Très ancré dans les racines lusitaniennes de Marco da Silva Ferreira, ce ballet, avec une énergie collective, rappelle ses origines populaires, rurales et urbaines, pour célébrer les corps en folie, En portugais, « folia » associe fole, un sac rempli d’air pour attiser le feu, « fôlego » : le moment où on gagne de l’air, et « folga » : le jour de repos ou de loisirs. La « folião/foliona » désigne une personne au repos, qui, en dehors du travail, s’autorise à se remplir d’air la tête et les poumons dans une apparente folie. Dans ce rituel joyeux et sensuel, chaque interprète joue sa partie, sans jamais se désolidariser du groupe.

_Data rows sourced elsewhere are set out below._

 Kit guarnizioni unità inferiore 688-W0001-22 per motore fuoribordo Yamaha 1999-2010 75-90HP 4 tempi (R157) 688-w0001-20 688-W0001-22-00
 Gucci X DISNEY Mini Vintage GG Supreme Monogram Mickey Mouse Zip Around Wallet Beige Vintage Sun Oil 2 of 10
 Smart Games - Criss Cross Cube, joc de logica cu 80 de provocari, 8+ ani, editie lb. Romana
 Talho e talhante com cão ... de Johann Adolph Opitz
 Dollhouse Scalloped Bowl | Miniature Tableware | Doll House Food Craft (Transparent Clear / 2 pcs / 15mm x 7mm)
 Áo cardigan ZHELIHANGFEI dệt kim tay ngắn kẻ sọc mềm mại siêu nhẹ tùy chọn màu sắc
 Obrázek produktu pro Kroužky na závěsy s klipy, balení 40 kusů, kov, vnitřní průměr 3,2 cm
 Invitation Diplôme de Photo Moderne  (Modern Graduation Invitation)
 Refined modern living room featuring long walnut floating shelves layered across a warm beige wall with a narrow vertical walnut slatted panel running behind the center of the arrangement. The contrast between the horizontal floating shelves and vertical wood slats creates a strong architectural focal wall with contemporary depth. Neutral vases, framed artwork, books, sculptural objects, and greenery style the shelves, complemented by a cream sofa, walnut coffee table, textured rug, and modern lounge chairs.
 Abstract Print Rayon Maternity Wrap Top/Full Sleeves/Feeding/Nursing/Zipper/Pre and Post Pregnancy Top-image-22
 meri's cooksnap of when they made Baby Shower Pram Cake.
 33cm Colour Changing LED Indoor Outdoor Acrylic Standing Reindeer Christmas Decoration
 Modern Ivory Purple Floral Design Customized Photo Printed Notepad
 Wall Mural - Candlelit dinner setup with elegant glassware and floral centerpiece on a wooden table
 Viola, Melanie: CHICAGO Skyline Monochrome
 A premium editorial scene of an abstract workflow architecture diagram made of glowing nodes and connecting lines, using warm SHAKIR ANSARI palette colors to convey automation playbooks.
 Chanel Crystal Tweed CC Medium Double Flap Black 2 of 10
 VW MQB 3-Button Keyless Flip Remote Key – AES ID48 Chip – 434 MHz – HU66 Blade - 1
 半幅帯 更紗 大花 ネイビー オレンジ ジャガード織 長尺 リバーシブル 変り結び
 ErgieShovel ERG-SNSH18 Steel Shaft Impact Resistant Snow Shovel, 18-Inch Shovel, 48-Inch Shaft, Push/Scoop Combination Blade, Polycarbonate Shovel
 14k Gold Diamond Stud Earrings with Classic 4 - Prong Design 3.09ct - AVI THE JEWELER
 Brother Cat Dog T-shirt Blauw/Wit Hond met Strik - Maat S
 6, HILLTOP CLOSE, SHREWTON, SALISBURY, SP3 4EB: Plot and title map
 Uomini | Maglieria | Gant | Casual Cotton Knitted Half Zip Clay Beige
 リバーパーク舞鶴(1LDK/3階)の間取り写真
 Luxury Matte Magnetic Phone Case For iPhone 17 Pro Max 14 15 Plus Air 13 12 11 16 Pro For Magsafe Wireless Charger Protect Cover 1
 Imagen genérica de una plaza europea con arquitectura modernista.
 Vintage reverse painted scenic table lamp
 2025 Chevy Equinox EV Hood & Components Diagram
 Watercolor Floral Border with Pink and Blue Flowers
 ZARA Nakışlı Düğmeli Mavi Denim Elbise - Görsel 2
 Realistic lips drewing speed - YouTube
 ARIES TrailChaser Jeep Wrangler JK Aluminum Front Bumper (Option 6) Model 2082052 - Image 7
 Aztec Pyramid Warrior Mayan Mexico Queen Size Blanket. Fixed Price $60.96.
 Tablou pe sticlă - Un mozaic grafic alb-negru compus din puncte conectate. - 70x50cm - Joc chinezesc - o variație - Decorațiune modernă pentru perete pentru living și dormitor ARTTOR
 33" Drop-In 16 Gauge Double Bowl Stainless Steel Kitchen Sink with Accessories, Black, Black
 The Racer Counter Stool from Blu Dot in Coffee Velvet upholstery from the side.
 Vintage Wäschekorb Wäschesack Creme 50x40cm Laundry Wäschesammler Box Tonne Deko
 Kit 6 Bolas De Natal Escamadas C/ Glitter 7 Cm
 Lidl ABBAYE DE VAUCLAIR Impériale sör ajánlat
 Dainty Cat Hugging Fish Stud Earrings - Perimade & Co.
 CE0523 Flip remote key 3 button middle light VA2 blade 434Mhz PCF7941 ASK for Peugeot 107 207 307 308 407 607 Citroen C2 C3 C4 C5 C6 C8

Le jeune chorégraphe portugais développe son travail autour des pratiques urbaines actuelles et sa carrière a pris un tournant avec HU® MANO (2013) joué dans les festivals internationaux, comme le Mercat des las Flores de Barcelone, à l’Atelier June Events à Paris, à L’Hexagone de Meylan et (Re) connaissance de Grenoble ( Isère) et aux Subsistances à Lyon. Bientôt, on pourra voir Fantasie Minor au Carreau du Temple et C A R C A Ç A au Cent-Quatre, àa Paris dans la cadre de Séquence Danse. Un artiste à suivre.
Mireille Davidovici
Créations vues le 7 mars à l’Opéra national-Ballet de Lorraine, 3 rue Henri Bazin, Nancy (Meurthe-et-Moselle) T. : 03 83 85 69 00
Prochaine création : les 23, 24, 25 et 26 mai, Màlon d’Ayelen Parolin), Opéra national de Lorraine, Nancy.
Les 16 et 17 mars Twelve Ton Rose de Trisha Brown et Static Shot de Maud Le Pladec, Le Manège-Scène Nationale de Reims.
Discofoot de Petter Jacobsson et Thomas Caleyle 26 mars La Rotonde, Thaon-les-Vosges ; le 1er juin, C.C.N. d’Aix-en-Provence ; 22 et 23 juin, La Villette, Festival Freestyle, Paris et le 30 juin, à Montpellier Danse.
Les 28, 29 et 30 juillet, Le Voyage à Nantes, Le Feydball.